BAB VIII Bala Bantuan 4

240 20 0
                                    

Tombak api berpendar lebih terang. Lama kelamaan sinarnya membesar dan bergulung menjadi satu dengan pusaran angin hitam.

Bumm! Tombak api meledak. Pancaran tenaganya memporak – porandakan angin puting beliung. Serangan Abire berhasil dipatahkan.

Peluh membanjiri tubuh eyang Badranaya. Serangan yang baru saja di kerahkan memerlukan stamina yang besar. Napasnya berhembus cepat.

Namun, tidak ada waktu untuk beristirahat. Abire sudah melesat kearahnya untuk menyerang. Serangan kalap Abire dilancarkan karena usahnya digagalkan. Tinju berlapis asap hitam dipersiapkan untuk menghajar lawannya.

Melihat serangan datang, eyang Badranaya mempersiapkan diri. Aliran tenaga dipusatkan di area tangan kanannya. Sinar kemerahan menyelubungi tangan kanan yang penuh tenaga.

Hiyaaa..! Eyang Badranaya pun melesat menyambut serangan Abire.

Bum! Bleng! Dua tinju penuh tenaga saling beradu. Pancaran tenaganya menimbulkan getaran di dataran Kureta. Tanah dan debu terlontar keatas memenuhi udara bercampur dengan asap hitam, hingga menutupi pandangan. Lalu hening.

Para prajurit kedua pihak penasaran dengan apa yang terjadi ditengah – tengan dataran luas Kureta. Mereka tidak bisa melihat kedua orang yang sedang bertarung karena tertutup debu dan asap.

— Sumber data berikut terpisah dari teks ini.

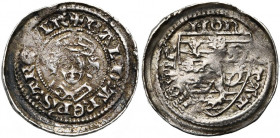 ALLEMAGNE, TREVES, Archevêché, Baudouin de Luxembourg (1307-1354), AR double Pfennig, vers 1336. D/ + BALD'': AR''EP''S: TREVIR'' B. mitré de f. R/ MO...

Wusssss.. Angin kencang berhembus dari utara ke arah selatan. Debu dan asap hitam pun terbawa aliran angin menjauh dari dataran luas Kureta.

Suasana hening terus berlanjut, tidak ada suara pertempuran. Yang ada hanya eyang Badraniya terlihat duduk bersila melakukan semedi. Sedangkan Abire tidak terlihat ditempat itu, pancaran tenaganya juga tidak terasa.

"Eyang!" Satera berseru. Ia lalu menghambur kerah pemimpinnya yang sedang duduk. Para petinggi yang lain pun mengikutinya.

Berbeda di pihak Tamisra, mereka masih terdiam dan bingung. Pemimpin mereka yang tidak terlihat menimbulkan tanda tanya.

"Bagaimana ini?" Iputini memecah keheningan. "Dimana tuan Abire?"

"Entahlah, tenaganya tidak terasa." Ujar Dawuya. "Cepat periksa sekitar wilayah ini." Dawuya segera mengalirkan tenaga keseluruh Dataran kureta. Iputini dan Gallam segera melakukan hal yang sama. Namum nihil. Tanda – tanda keberadaan Abire tidak terasa.

"Apa artinya kita kalah?" Gallam berujar pelan.

"Keparat." Dawuya mengumpat pelan

Lep. Tiba – tiba suasana berubah gelap dengan seketika. Waktu memang sudah sore, namun gelap yang datang bukan karena datangnya sore hari. Langit yang masih terang tiba – tiba menghitam. Kabut tipis berwarna hitam sedikit – demi sedikit memenuhi dataran kureta.

"Ahh."

"Kulitku perih."

"Sakit sekali."

Teriakan – teriakan pelan dari para prajurit yang berilmu rendah terlontar di pihak Tamisra maupun Sandya. Mereka kebingungan dengan apa yang sedang dialaminya.

"Ah perih sekali." Uja Khamsu.

"Ada apa Kham?" Sanggala bertanya sambil terus mengalirkan tenaga pengobatan kepada Dalik.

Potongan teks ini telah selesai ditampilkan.